▸ **Work item**: Word for word, restate the listing that follows and leave out the images.

▸ **Information shown**:
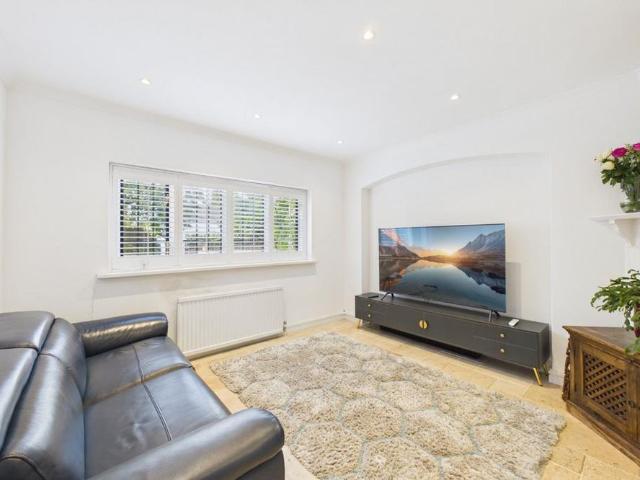 House for rent in Heol-las, Surrey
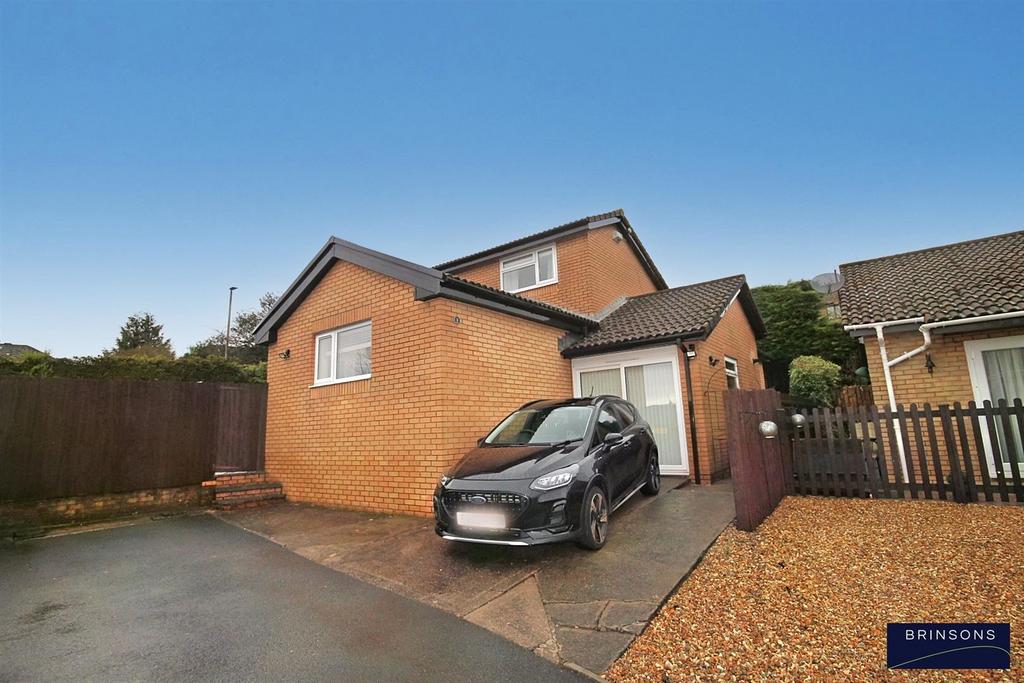 Cae Marchog, Energlyn, Caerphilly 3 bed detached house £395,000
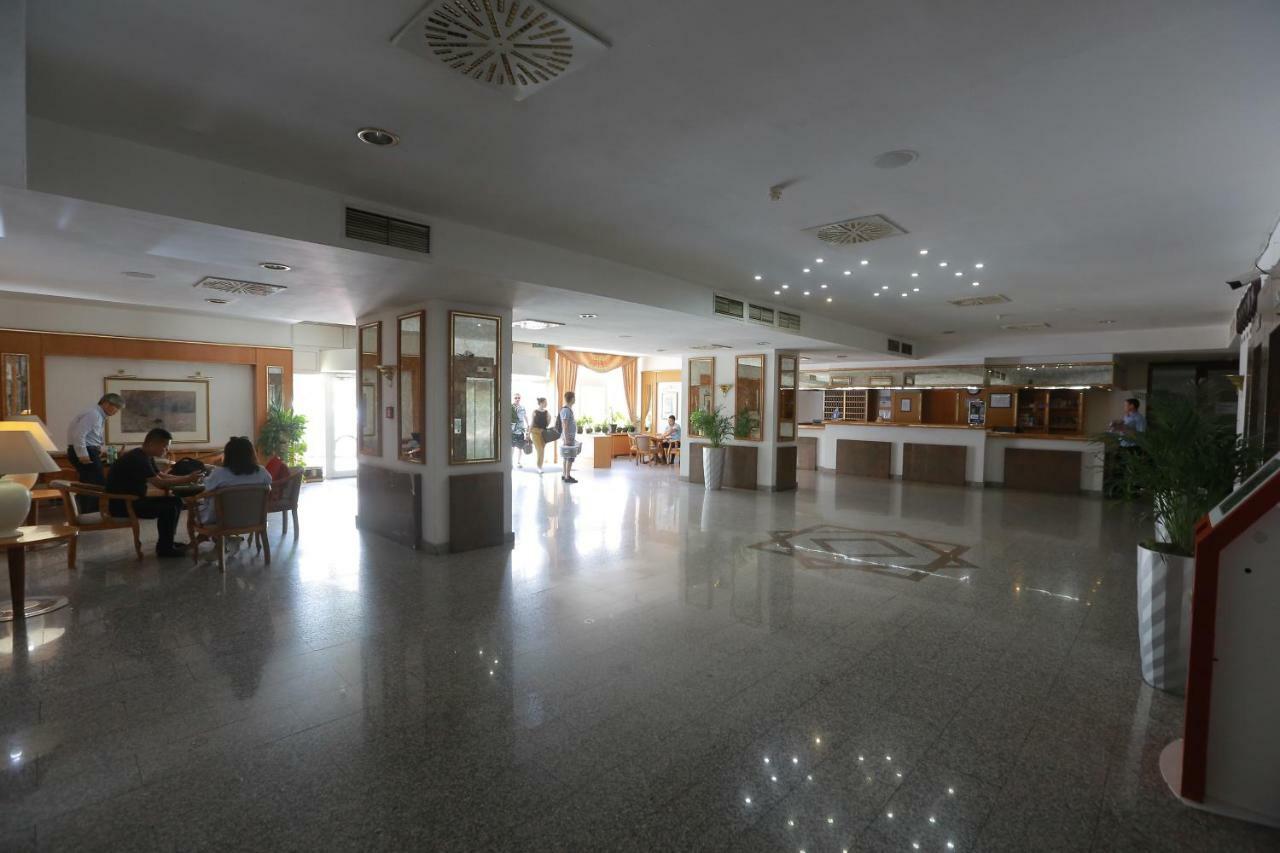 Shodlik Palace Tashkent Bagian luar foto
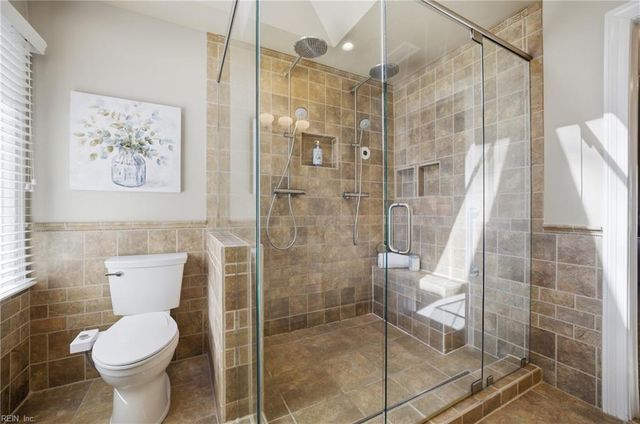 1137 Fairway DR, Chesapeake, VA 23320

▸ **Solution below**:
 House for rent in Heol-las, Surrey
 Cae Marchog, Energlyn, Caerphilly 3 bed detached house £395,000
 Shodlik Palace Tashkent Bagian luar foto
 1137 Fairway DR, Chesapeake, VA 23320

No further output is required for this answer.